Going forward, the granting of licences to import refined sugar for the retail trade will now be administered by the Sugar Industry Authority (SIA) to the three approved marketing agents, all of which are involved in the manufacture of sugar cane. These are the Pan Caribbean Sugar Company, the Golden Grove Sugar Company, and Jamaica Cane Products Sales, which will continue to import on behalf of the Appleton and Worthy Park sugar estates.

 

Plug sugar leakage

 

The SIA will not import any refined sugar, but instead, will grant the licences to qualified entities, which will source the product, import, market, and distribute it to other companies. All of the refined sugar hitting retail shelves will be packaged and labelled in the same way as brown (raw) sugar.

Samuda used a press conference at his New Kingston office to explain the rationale behind the policy change.

"This is an additional strategy being pursued to stop the leakage of refined sugar, imported by manufacturers, duty free, as raw material for manufactured products, from entering the retail trade," he disclosed.

Conditional support from JMA

The Gleaner pressed Minister of Industry, Commerce, Agriculture, and Fisheries Karl Samuda yesterday about the number of manufacturers implicated in illegal action linked to the importation of refined sugar and the action taken by his ministry, but he was unable to provide specifics.

"Well, I can't tell you the exact number that has been implicated, but I am advised that there is sufficient evidence that it has taken place," he said, turning to Karl James for assistance, but the chairman of the Sugar Association of the Caribbean was not up to speed on the issue either. "Well, I know that they have been doing some investigations, but I am not up on what they have found," he admitted.

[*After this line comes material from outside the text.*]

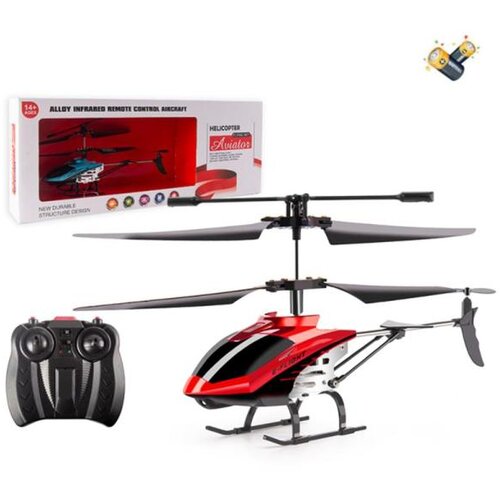  HELIKOPTER NA DALJ.E200926209 Cijene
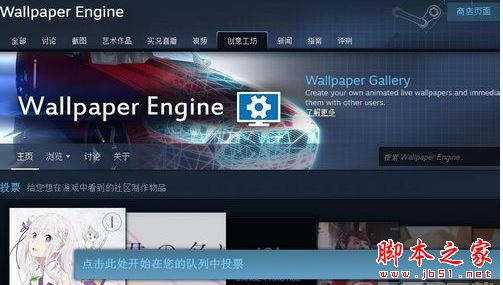 wallpaper engine显示steam不可用怎么办  wallpaper engine不可用steam的解决方法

However, Metry Seaga, president of the Jamaica Manufacturers' Association, was quick with the answer. "The answer is zero," he told The Gleaner.

Over the years, Seaga has challenged James as well as the Government to provide proof of this criminal act by member organisations, with the assurance that he would support any effort to bring the miscreants to justice. He, however, gave conditional support to the pending initiative.

"The three marketing companies will be the three allowed to distribute, market, and package, and anybody that is in the retail trade that doesn't have one of those three packages and has sugar on the shelf that is not packaged, they are in big trouble. We support it once it is that."